The widespread, near universal, failure to appreciate what was going on is an indicator of the deficiency of the economic theories that almost everyone is working to. It is really only those who use the theories based on the analysis of Henry George and his successors that appear to understand and be able to predict the likely course of the economy. From those theories stems the necessity to replace existing taxes by LVT to prevent the periodic shocks to the economy and the persistence of poverty despite the increasing productive power that comes from technology. There is no need to be a genius to understand the economy – it is just necessary to use a sound economic model such as that of Henry George.

Newspaper comments on the rumour that the government is going to do something about Stamp Duty are an example of the confusion. Commentators are unclear about the effect, some thinking it will help first time buyers, which it most definitely will not. It will just prop up prices a little and slow down the rate of fall. This is not to say it would not be a good idea to get rid of it, as it is a bad tax, discouraging people and companies from moving and thereby interfering with the smooth operation of the property market. But that is a point hardly being made. With the decline in the numbers of property transactions, it is no longer even a good revenue source, though it was always inherently vulnerable to these cyclic movements, which LVT based on rental values is not. The Campaign’s view is that Stamp Duty should reflect the cost of the work involved by the Land Registry when titles are transferred, which would set it at a level of a few hundred pounds.
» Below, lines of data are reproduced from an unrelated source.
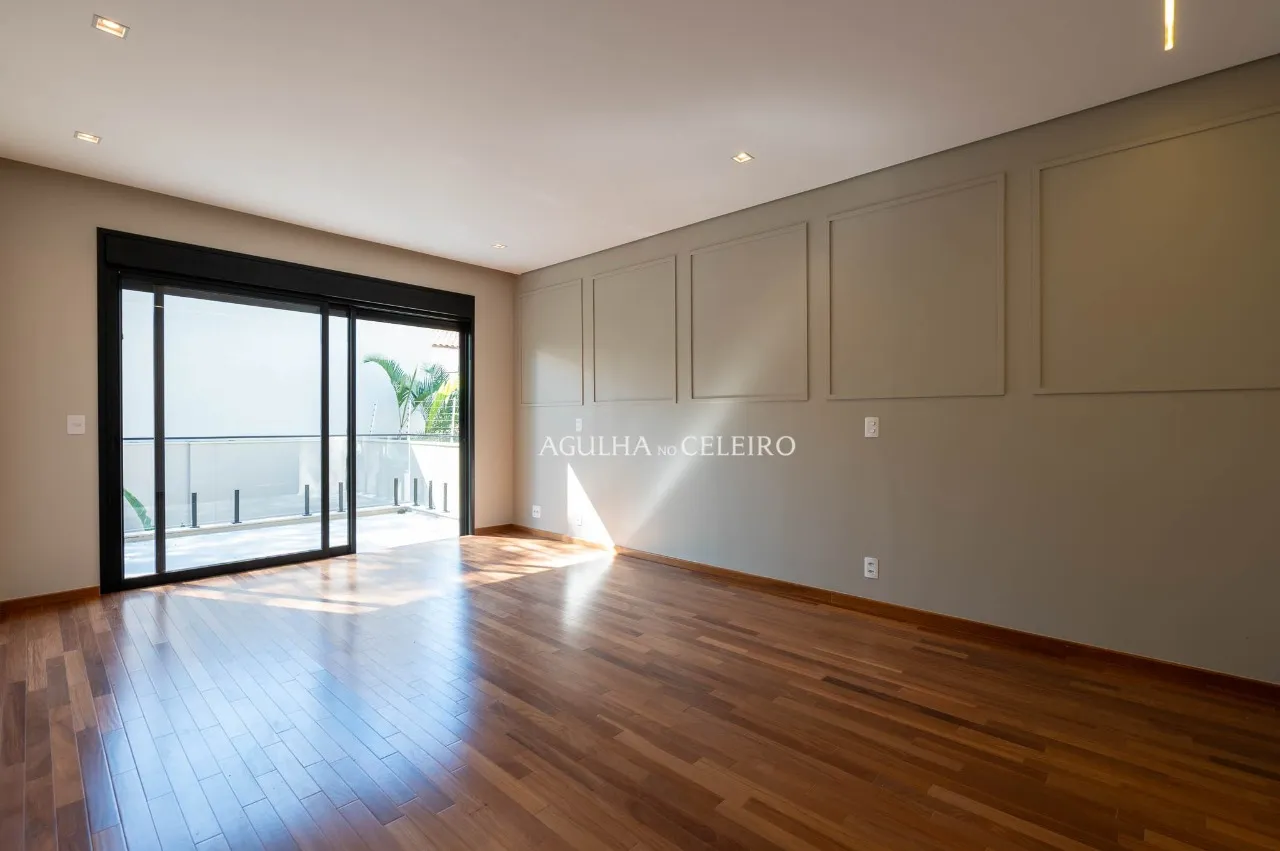 Casa super reformada à venda no Alto de Pinheiros – 22372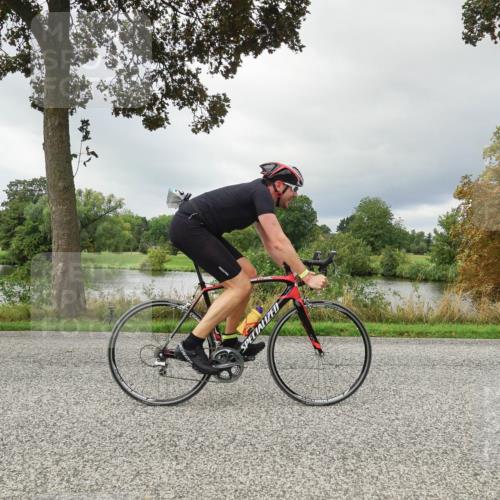 30.08.2026 - Elbe Triathlon Hamburg Michael Burmester http://msf.ph/oto/10041266 30.08.2026 11:03:39 Radfahren 1122, 1163, 1411 meine-sportfotos.de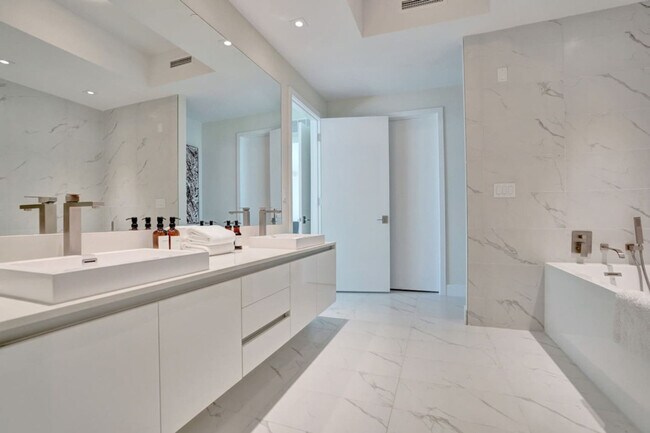 Building Photo - 3100 N Ocean Dr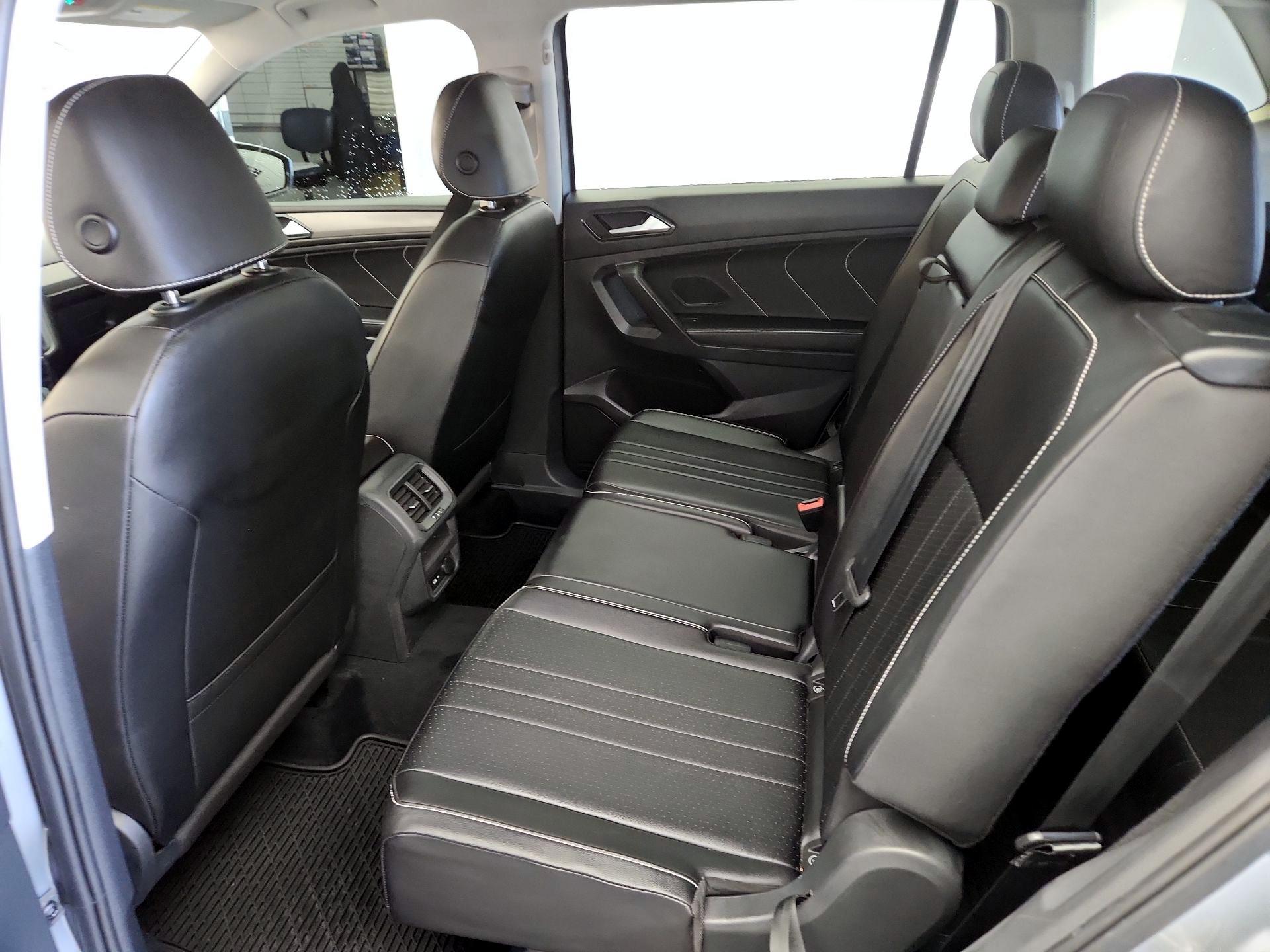 Thumbnail: 2022 Volkswagen Tiguan - 19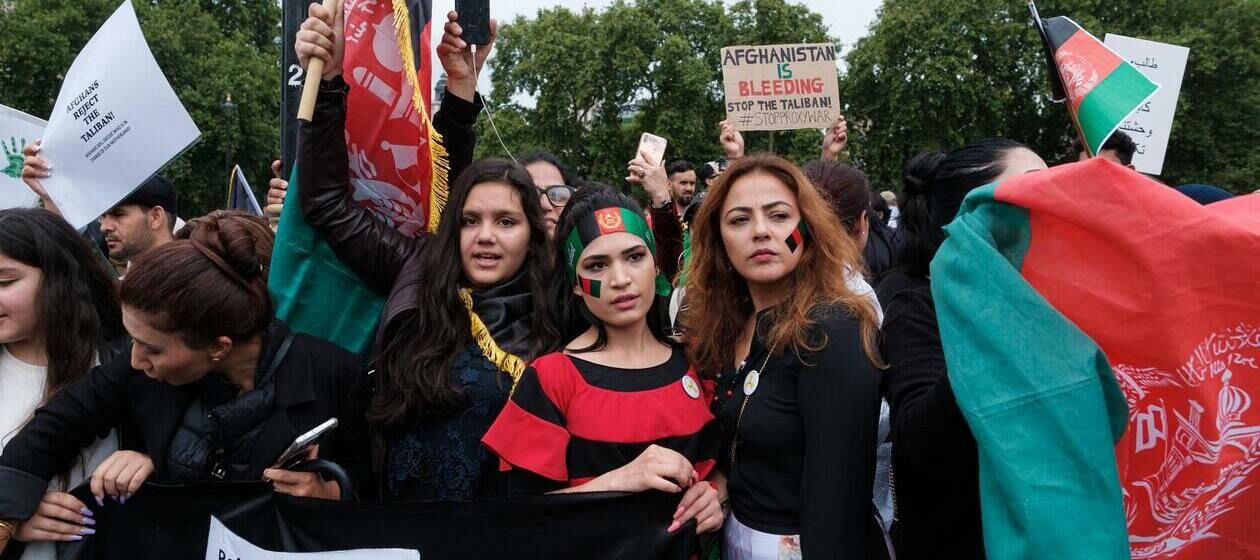 Drei junge Frauen bei einer Demonstration für Menschenrechte, gegen Flucht und gegen die Taliban in Afghanistan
What would happen if a government announced, say next week, that it was going to introduce LVT? The key point here is that LVT is not intended as an additional tax but a replacement, If it replaced the present property taxes – UBR and Council Tax, and was accompanied by a rise in Income Tax thresholds, then this would indeed take some of the sting out of the coming recession and give the Bank of England an opportunity to raise interest rates to the point that they will put a squeeze on inflationary pressures without further slowing the economy. Additionally, because the effect of LVT is to remove the overall tax burden in locations where land values were lowest, the change would limit the damage being done to the economy in the weaker areas of the UK. With an announcement of LVT in the near future, the system could be up and running by the middle of 2011, after the next election but near the bottom of the slump, just in time to prevent owners from holding onto empty land and buildings and thereby delaying economic recovery. It would also prevent the epidemic of de-roofing which will occur if the government persists with charging business rates on vacant property.

The coincidence with the election means that the policy would need all-party agreement. LVT ought in principle to be acceptable to both main parties, as well as the Liberal Democrats where it already enjoys some support. The Conservatives are, amongst other things, the party of business. Unfortunately, they are also the party of the numerically very small landowning interest, whose mode of operation is to spread fear, uncertainty and doubt on the subject of LVT. Within Labour, especially amongst the young people who shape party policy, there remains the notion that taxation should be related to ability to pay, which is automatically related to income tax despite the evidence that in reality it is not, since those who can pay tax can also pay for good professional advice and avoid their liabilities. The other problem is that, especially on the Labour side where economics policy tends to be more based on theory, land and location is just not taken into account. The average street busker knows more about this aspect of the subject than most of the eminent academics.

And so, although a solution to the problem is available and could be in place at the right time, the chances that it will happen are remote. Although the worst effects of the coming recession could be mitigated by LVT, vested interests and a refusal to question accepted and inadequate economic concepts will ensure that it will run its miserable course.